From Userspace to Kernel: Syscall Entry and the VFS Layer
Prerequisites
- ›Article 1: architecture-and-directory-map
- ›Article 3: process-scheduler-internals
- ›Basic x86 assembly (registers, calling conventions)
- ›Understanding of C function pointer structs
From Userspace to Kernel: Syscall Entry and the VFS Layer
When a userspace program calls read(), a chain of events crosses the CPU privilege boundary, navigates Spectre mitigations, dispatches through a generated switch table, and eventually reaches a filesystem-specific function via the VFS — the kernel's single most important abstraction layer. This article traces that complete path, from the x86-64 SYSCALL instruction to the point where bytes come off a disk.
We've seen the scheduler (Article 3) decide which task runs.

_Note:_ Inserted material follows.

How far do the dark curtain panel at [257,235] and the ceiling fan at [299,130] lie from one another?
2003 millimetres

Now we see what happens when that task asks the kernel to do something.
The x86-64 Syscall Assembly Entry
When userspace executes the SYSCALL instruction, the CPU atomically:
- Saves
RIPtoRCXandRFLAGStoR11 - Loads
RIPfrom theLSTARMSR (Model-Specific Register) - Masks
RFLAGSwith theFMASKMSR - Switches to ring 0 (kernel mode)

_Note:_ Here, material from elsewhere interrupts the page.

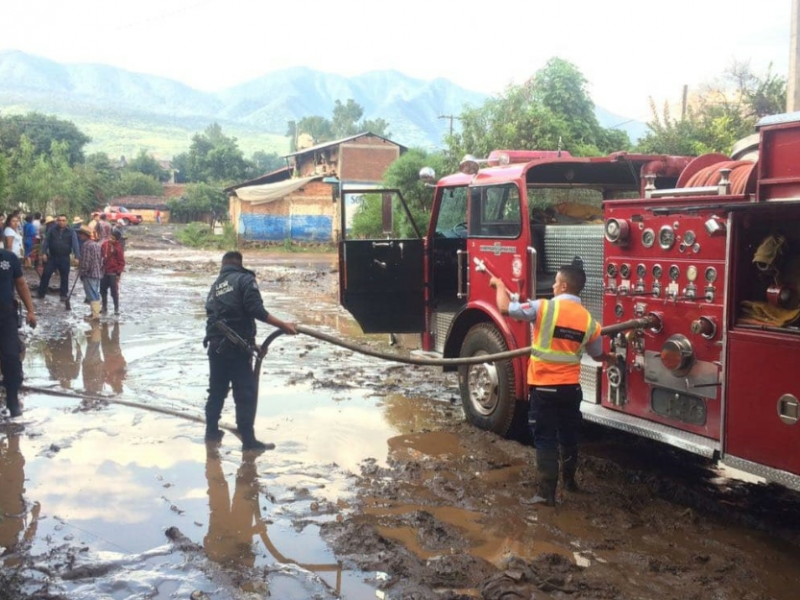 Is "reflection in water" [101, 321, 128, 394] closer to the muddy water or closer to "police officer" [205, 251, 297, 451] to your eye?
the muddy water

The LSTAR MSR points to entry_SYSCALL_64:
arch/x86/entry/entry_64.S#L87-L170
SYM_CODE_START(entry_SYSCALL_64)
UNWIND_HINT_ENTRY
ENDBR
swapgs
movq %rsp, PER_CPU_VAR(cpu_tss_rw + TSS_sp2)
SWITCH_TO_KERNEL_CR3 scratch_reg=%rsp
movq PER_CPU_VAR(cpu_current_top_of_stack), %rsp
sequenceDiagram
participant U as Userspace
participant CPU as CPU Hardware
participant ASM as entry_SYSCALL_64
participant C as do_syscall_64()
U->>CPU: SYSCALL instruction
CPU->>CPU: Save RIP→RCX, RFLAGS→R11
CPU->>CPU: Load LSTAR→RIP, ring 0
CPU->>ASM: Jump to entry_SYSCALL_64
ASM->>ASM: swapgs (load kernel GS base)
ASM->>ASM: Switch to kernel stack
ASM->>ASM: SWITCH_TO_KERNEL_CR3
ASM->>ASM: Construct pt_regs on stack
ASM->>ASM: IBRS_ENTER, UNTRAIN_RET
ASM->>C: call do_syscall_64
C-->>ASM: return (true=SYSRET, false=IRET)

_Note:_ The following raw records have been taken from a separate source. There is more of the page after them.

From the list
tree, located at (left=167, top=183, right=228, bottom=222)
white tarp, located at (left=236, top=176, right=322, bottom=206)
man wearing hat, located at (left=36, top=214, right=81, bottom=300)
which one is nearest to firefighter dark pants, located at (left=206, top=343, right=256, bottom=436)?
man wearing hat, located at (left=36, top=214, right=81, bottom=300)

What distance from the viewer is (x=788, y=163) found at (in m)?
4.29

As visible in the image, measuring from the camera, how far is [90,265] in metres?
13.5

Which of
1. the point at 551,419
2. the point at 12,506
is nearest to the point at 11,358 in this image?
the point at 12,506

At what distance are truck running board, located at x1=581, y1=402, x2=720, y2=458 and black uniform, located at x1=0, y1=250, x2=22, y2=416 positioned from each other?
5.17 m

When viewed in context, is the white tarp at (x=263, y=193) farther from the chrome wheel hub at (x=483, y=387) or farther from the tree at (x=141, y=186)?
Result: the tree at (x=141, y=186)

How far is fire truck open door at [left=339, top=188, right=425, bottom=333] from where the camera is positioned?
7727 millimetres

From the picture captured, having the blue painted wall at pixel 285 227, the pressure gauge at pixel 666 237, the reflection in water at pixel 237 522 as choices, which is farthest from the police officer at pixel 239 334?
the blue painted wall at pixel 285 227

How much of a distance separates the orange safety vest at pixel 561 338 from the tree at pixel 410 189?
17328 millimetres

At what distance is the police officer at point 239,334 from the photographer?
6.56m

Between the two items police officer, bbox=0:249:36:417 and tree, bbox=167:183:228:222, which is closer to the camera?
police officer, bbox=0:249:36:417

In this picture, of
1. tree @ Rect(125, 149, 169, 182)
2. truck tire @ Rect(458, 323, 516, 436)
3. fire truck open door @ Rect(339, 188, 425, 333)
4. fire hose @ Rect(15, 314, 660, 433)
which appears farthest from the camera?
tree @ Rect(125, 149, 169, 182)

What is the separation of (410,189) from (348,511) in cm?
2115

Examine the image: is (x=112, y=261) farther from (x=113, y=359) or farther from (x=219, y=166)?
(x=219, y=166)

ASM->>U: SYSRET or IRET to userspace
The first real instruction is swapgs, which exchanges the CPU's GS base register between userspace and kernel values. This gives the kernel access to per-CPU data. Next, the current user stack pointer is saved and replaced with the kernel stack.
SWITCH_TO_KERNEL_CR3 is a Meltdown/KPTI mitigation: it swaps to a page table that maps kernel memory. With KPTI active, userspace runs with a page table that has the kernel completely unmapped.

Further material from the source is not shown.